Looks like Power Rangers for grown ups


----------



## Dave (Dec 14, 2012)

I'm a bit tired of alien invasion films unless they have some twist, but I'm sure the next world war will be fought in those "soldier boy" suits.

From the title alone it sounded like a new disaster film about volcanoes. I've even more tired of those. How long before a Comet ISON (C/2012 S1) film?


----------



## Connavar (Dec 14, 2012)

Dave said:


> I'm a bit tired of alien invasion films unless they have some twist, but I'm sure the next world war will be fought in those "soldier boy" suits.
> 
> From the title alone it sounded like a new disaster film about volcanoes. I've even more tired of those. How long before a Comet ISON (C/2012 S1) film?

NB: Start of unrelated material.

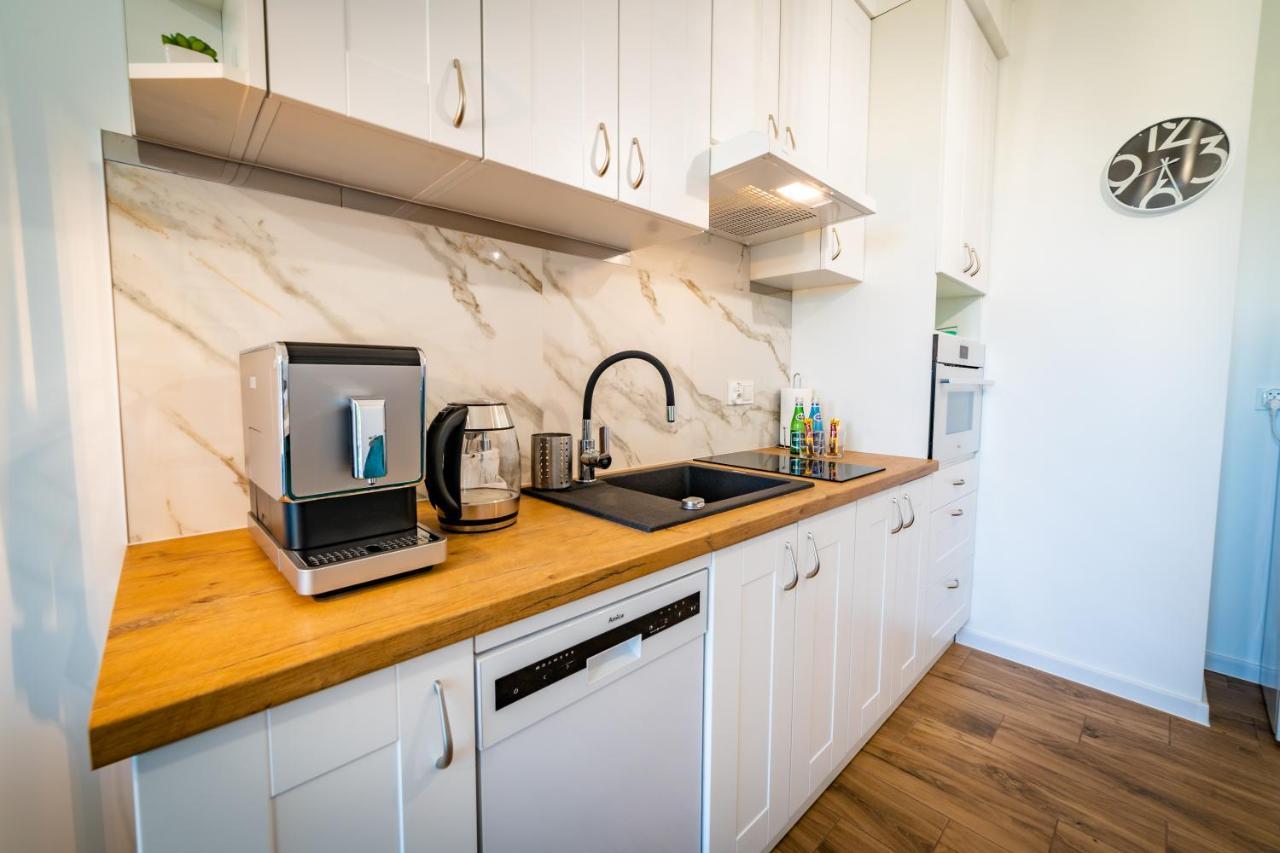 Apartamenty W Zatoce Mikołajki Exteriör bild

Maybe you should know who made this film first.  Hardly Transformer type director hack.   Guillermo Del Toro is known for films like Pan's Labrynth, Hellboy, Blade 2.  I doubt he will make a boring alien film.

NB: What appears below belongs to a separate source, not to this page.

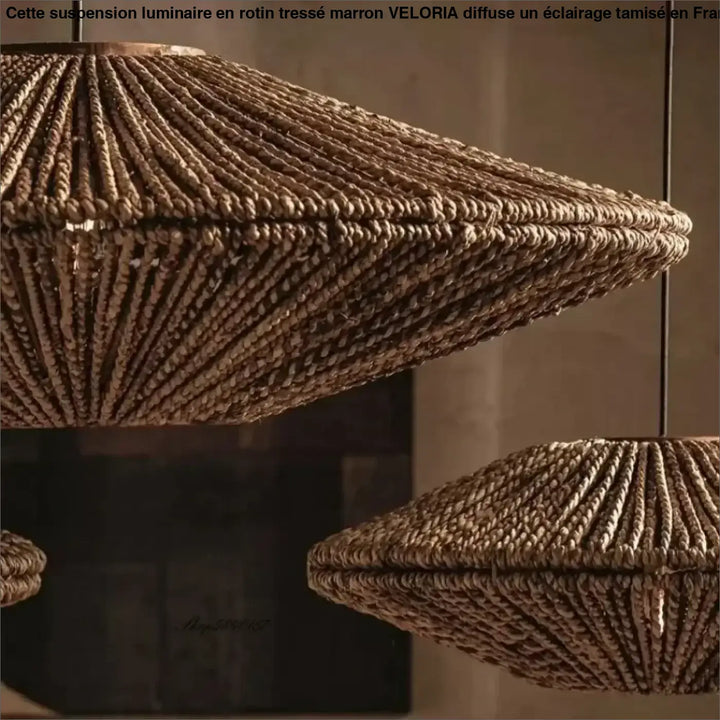 Suspension luminaire en rotin tréssé marron haut de gamme

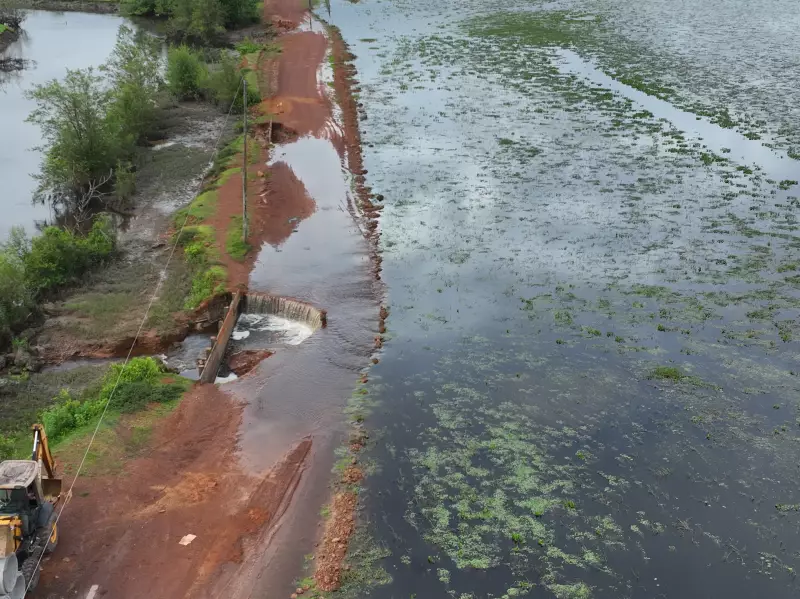 Erosão em estrada isola moradores da Praia do Goiabal, no Amapá — veja o vídeo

Plus its Idriss Alba in his first lead role in blockbuster type film.  Fav actor and visually stunning,creative director.


----------



## Foxbat (Dec 14, 2012)

As much as I rate Del Toro highly as a director, he's not immune to making tripe. 

_Exhibit A:_ *Mimic*....simply not a good movie.

I agree alien invasion movies are getting tiresome due their quantity in recent years but I'll reserve judgement on Pacific Rim until I've seen it for myself.


----------



## Moonbat (Dec 14, 2012)

I too am I big fan of Del toro, but I'm worried that this might turn out to be a bit too much, probably full of action, great looking, but not nearly as powerful as his really good stuff (I'm thinking of Devil's backbone and Pan's Labyrinth)


----------



## Lenny (Dec 14, 2012)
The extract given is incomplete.